Multi-Dimensional Splits¶

The n_dims parameter controls how Pilz finds correlations between features. This is the core innovation that makes Pilz special — it can split on multiple features simultaneously rather than one at a time.

What is n_dims?¶

n_dims defines how many features are combined in a single split evaluation:

flowchart TB subgraph n_dims_1 D1["n_dims=1"] --> F1[X alone] end subgraph n_dims_2 D2["n_dims=2"] --> P1[X AND Y pairs] end subgraph n_dims_3 D3["n_dims=3"] --> T1[X AND Y AND Z triplets] end

n_dims	Combinations Evaluated
1	Single features only
2	Feature pairs
3	Feature triplets

Why Multi-Dimensional Matters¶

The Correlation Problem¶

When features correlate, their combination is more predictive than either alone:

flowchart LR subgraph "Individual Features" I1["Contract=Monthly churn=42%"] --> R1[Not enough] I2["TechSupport=No churn=38%"] --> R2[Not enough] end subgraph "Combined (Correlation)" C["Contract=Monthly AND TechSupport=No churn=85%"] --> R3[Strong signal] end I1 --> C I2 --> C style C fill:#ccffcc style R3 fill:#ccffcc

Traditional vs Pilz¶

A traditional decision tree needs multiple sequential splits to capture a pairwise correlation. Pilz captures it in a single multi-dimensional cut:

flowchart TD subgraph "Traditional Tree - Needs Multiple Splits" T1[Data] --> T2{Contract=Monthly?} T2 -->|Yes| T3{No TechSupport?} T3 -->|Yes| T4[High Churn] T3 -->|No| T5[Medium Churn] T2 -->|No| T6[Low Churn] end subgraph "Pilz - Single Multi-Dimensional Cut" P1[Data] --> P2{Contract=Monthly AND TechSupport=No?} P2 -->|Yes| P3[High Churn, Score: 0.85] P2 -->|No| P4[Low Churn, Score: 0.15] end style P2 fill:#ccffcc

How It Works¶

The counter() method finds the best split by evaluating single features and multi-dimensional combinations:

# src/pilz/service/train.py:153-190
def counter(self, train_df: TrainDataframes) -> tuple[Filter, Filter | None, Filter]:
    # Step 1: Score individual features (n_dims=1)
    sorted_train_feats = sorted(
        train_df.train_features,
        key=lambda x: x.calc_diff(),
        reverse=True,
    )
    best_feat = sorted_train_feats[0]
    best_feat_diff = best_feat.calc_diff()

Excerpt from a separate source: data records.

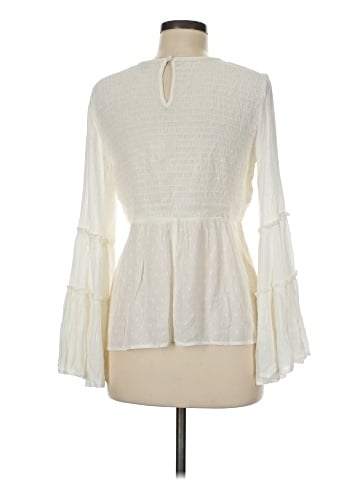 American Eagle Outfitters Long Sleeve Blouse (view 2)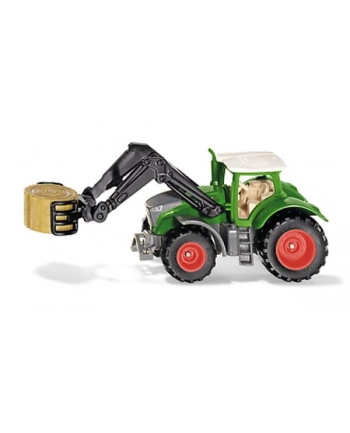 SIKU 1539 Fendt z chwytakiem do bel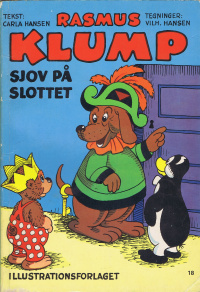 Rasmus Klump (1953 - 85) 18: Sjov p&aring; slottet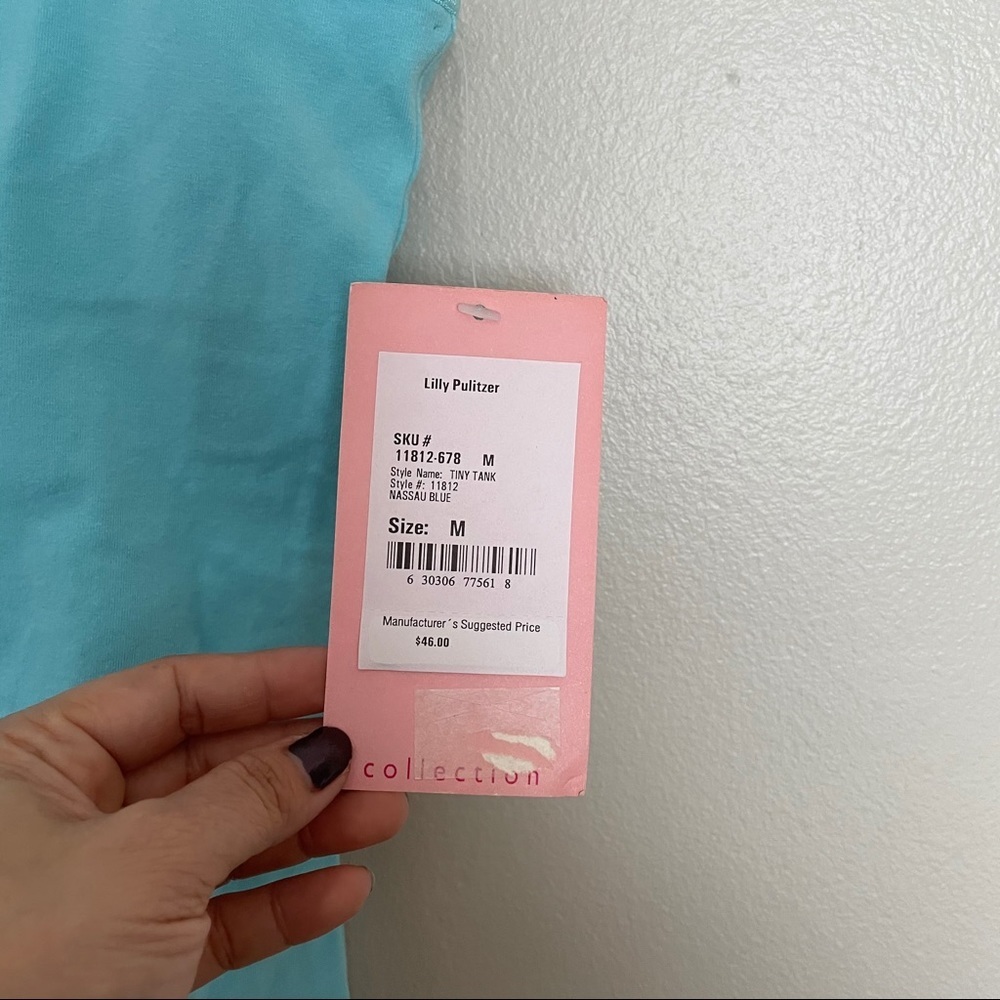 NWT Lily Pulitzer Tank Top - Picture 2 of 7
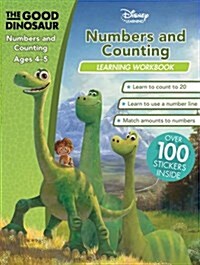 The Good Dinosaur - Numbers and Counting (Ages 4-5) (Paperback)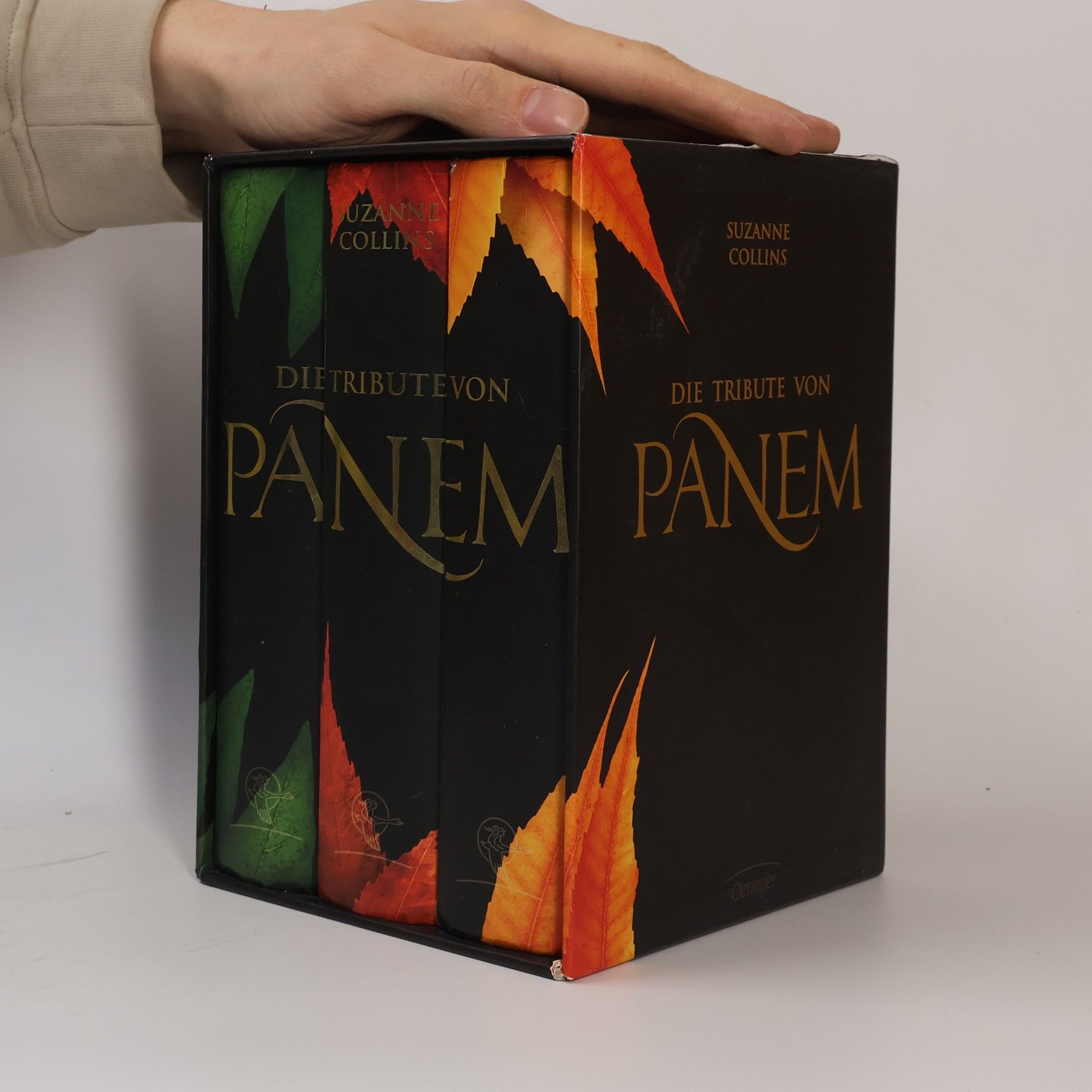 Suzanne Collins Die Tribute von Panem 1-3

    # Step 2: Try multi-feature combinations for higher n_dims
    for dim in range(2, self.settings.n_dims + 1):
        counter = 0
        for comb in itertools.combinations(sorted_train_feats, r=dim):
            counter += 1

            akt_feature = CombinedCategorizedFeature(
                comb,
                non_target_size=train_df.n_count_non_target,
                target_size=train_df.n_count_target,
                neutral_faktor=self.settings.neutral_faktor,
            )

            if akt_feature.calc_diff() > best_feat_diff:
                best_feat = akt_feature
                best_feat_diff = akt_feature.calc_diff()

            if (
                self.settings.calcs_per_dim
                and counter > self.settings.calcs_per_dim
            ):
                break

    return best_feat.get_left_right_filter()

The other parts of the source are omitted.